Some special considerations exist for scenarios where ARM is used and the TCP/IP stack address space terminates, as the result of a failure or of a planned operation. When the TCP/IP stack becomes unavailable, the Advisor also terminates, as it can no longer establish any TCP/IP communications. An ARM restart of the Advisor will likely fail, as the TCP/IP protocol stack will not be available when the restarts occur. You can handle these scenarios in the following ways:
- Planned outages of the TCP/IP stack
Manually start the Advisor on another system, as soon as the Advisor terminates on the system where TCP/IP is stopped.
- Unplanned outages of the TCP/IP stack
Ensure that an ARM policy (or other automation) is in place to quickly restart the TCP/IP stack on the same system. The Advisor also needs to be quickly restarted on the same system. This can be done by using an automation software package, or by using the TCP/IP profile AUTOLOG statement.

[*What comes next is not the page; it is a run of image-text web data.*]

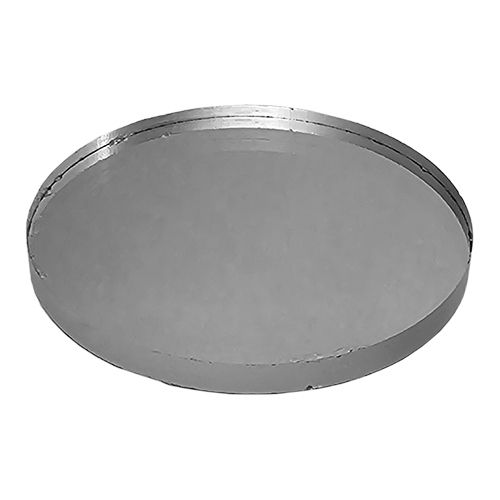 Round Shape Mirror Glass - Size: Customized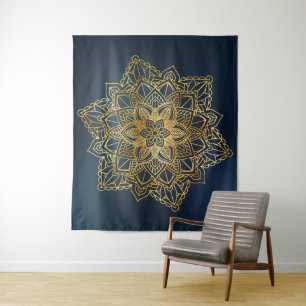 Mandala Tapestry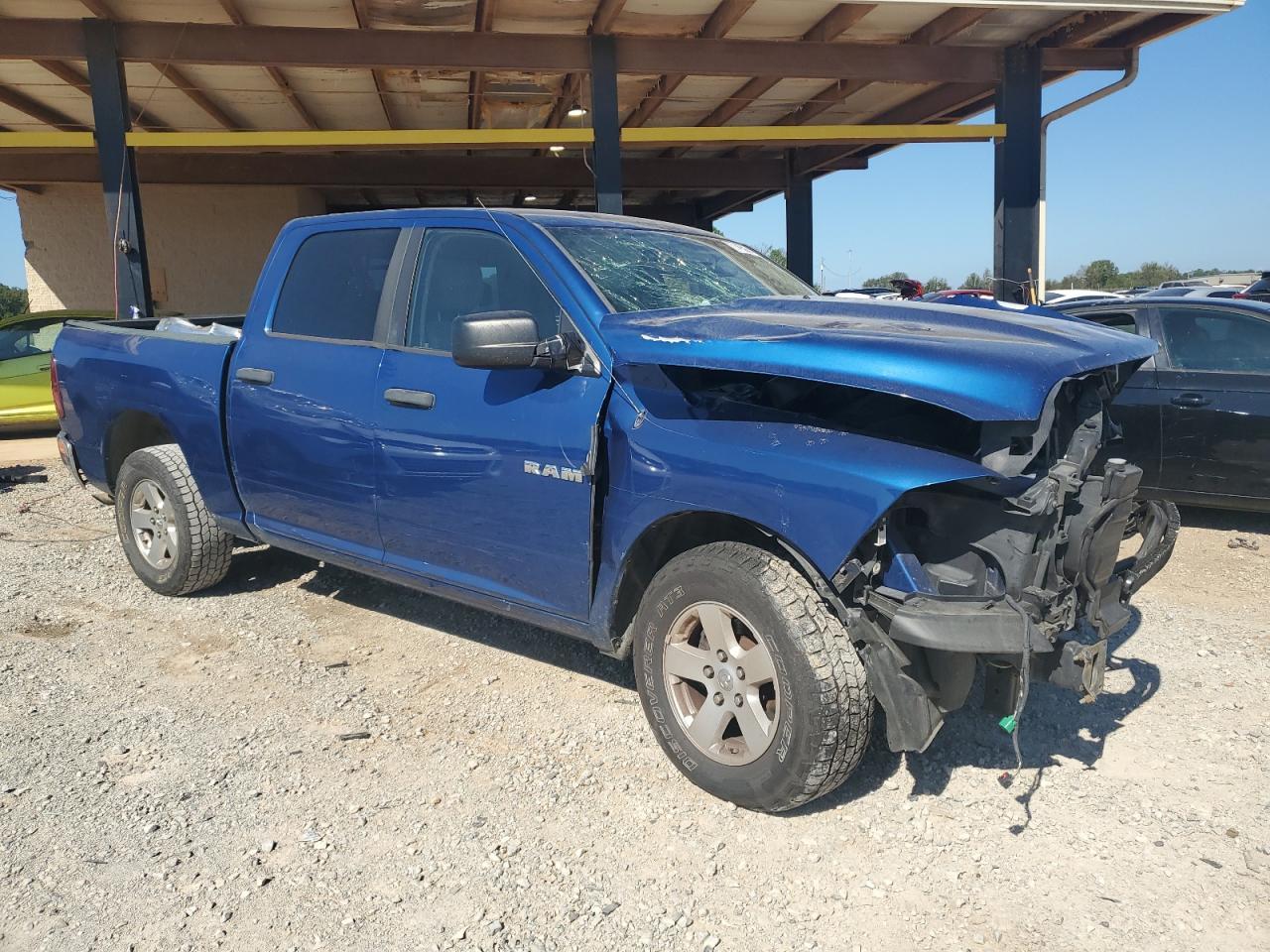 2009 Dodge Ram 1500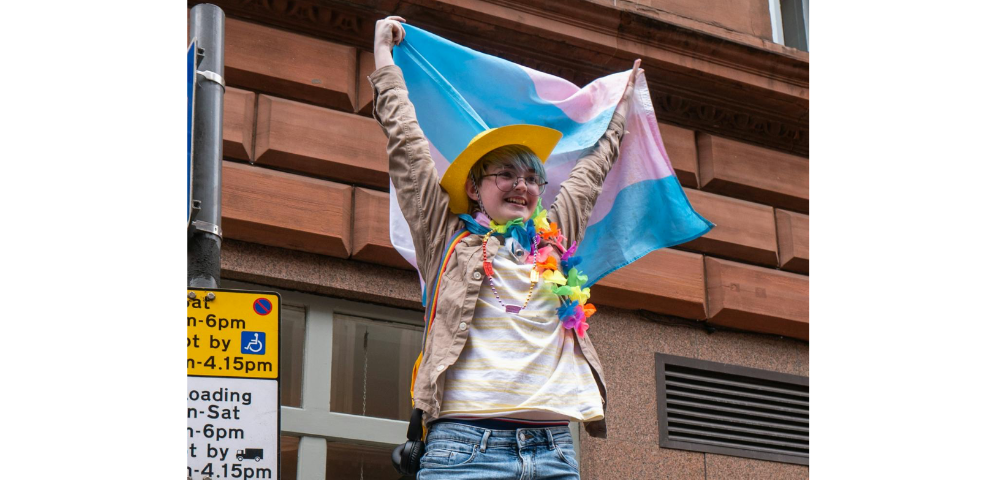 Celebrate Transgender Day Of Visibility In Melbourne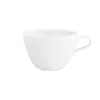 Seltmann Weiden Nori-Home weiß Milchkaffeeobertasse  0,37 l Produktbild-Vorschau 2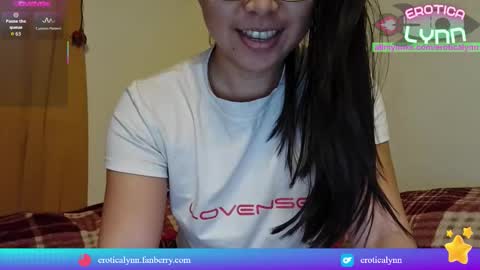 Lynn   online show from December 15, 2025, 6:23 pm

The AUTOLOG statement also has some important considerations:
- You should place the Advisor in the AUTOLOG statement list to ensure that it is started when TCP/IP is started on that system. However, you should specify the NOAUTOLOG parameter on the PORT reservation statements for the Advisor ports in the TCP/IP profile. This prevents TCP/IP from monitoring and attempting to restart the Advisor, as that could interfere with your automation logic or the ARM policy that you have put in place.
- The AUTOLOG function works best on systems where a single TCP/IP stack is active (INET environment). For CINET considerations, see Considerations for automatic restart in a CINET environment.
RDEFINE FACILITY IXCARM.SYSTCPIP.EZBLBADV UACC(NONE)
RDEFINE FACILITY IXCARM.SYSTCPIP.EZBLBAGENT UACC(NONE)
PERMIT IXCARM.SYSTCPIP.EZBLBADV CLASS(FACILITY) ID(LBADV) ACCESS(UPDATE)
PERMIT IXCARM.SYSTCPIP.EZBLBAGENT CLASS(FACILITY) ID(LBAGENT) ACCESS(UPDATE)
SETROPTS RACLIST(FACILITY) REFRESH
- If using AUTOLOG for the Agent, code the NOAUTOLOG parameter on the PORT reservation statement for the Agent port in the TCP/IP profile. This prevents the Agent from automatically being cancelled and restarted because the Agent does not listen on the port.
- If the Advisor is using IPv6 for the load balancer connections, or if any Agents are using IPv6 to connect to the Advisor, movement of the Advisor is limited to IPv6–enabled TCP/IP stacks.